I may be able to shed some more light on the plight of IRM. The company is actually owned by Banco Valencia, Banco Sabadell and Banco Popular/Caxia. They have assets valued at €668 million although that valuation is suspect and predates the crash.
IRM own five former PW golf courses in Murcia, two luxury hotels and various bars and restaurants. All of which are uneconomic. Only one golf course, Mar Menor makes a modest profit. The problem is caused mainly by the huge cost of water in a desert region. Golf courses are classed as industrial and pay a premium for water. IRM have been trying to get their water re-classified as rural but the water companies will not play.
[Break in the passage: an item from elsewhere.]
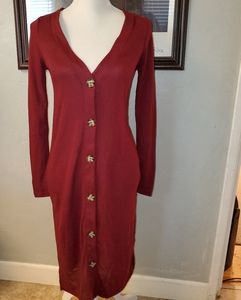 Long sleeve v neck dress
The bad bank (SARB) have previously been forking out huge sums to keep these golf courses viable in the hope a buyer can be found. The banks will not sell them off individually and seek a buyer for the entire portfolio.
Now IRM have been forced in bankruptcy protection in a move designed to force the SARB to cough up more cash to keep them going. They (IRM) have four months to make payments to their creditors or fold. It’s unlikely the banks involved will help out.
For the SARB it’s a question of throwing good money after bad in the hope an investor can soon be found. That will be a decision for the Bank of Spain.
However even Bill Gates may balk at this loss cause. Then again maybe not since he has just put millions into FCC who are equally struggling. Mr Gates has many qualities but I’m not sure investing on a global scale is one of them. 🙂
If IRM do fold these communities will be in further serious difficulties since golf is their life blood. Properties have already fallen around 60 -70% of their original value and many former PW communities are debt burdened at owners fail to meet their obligations.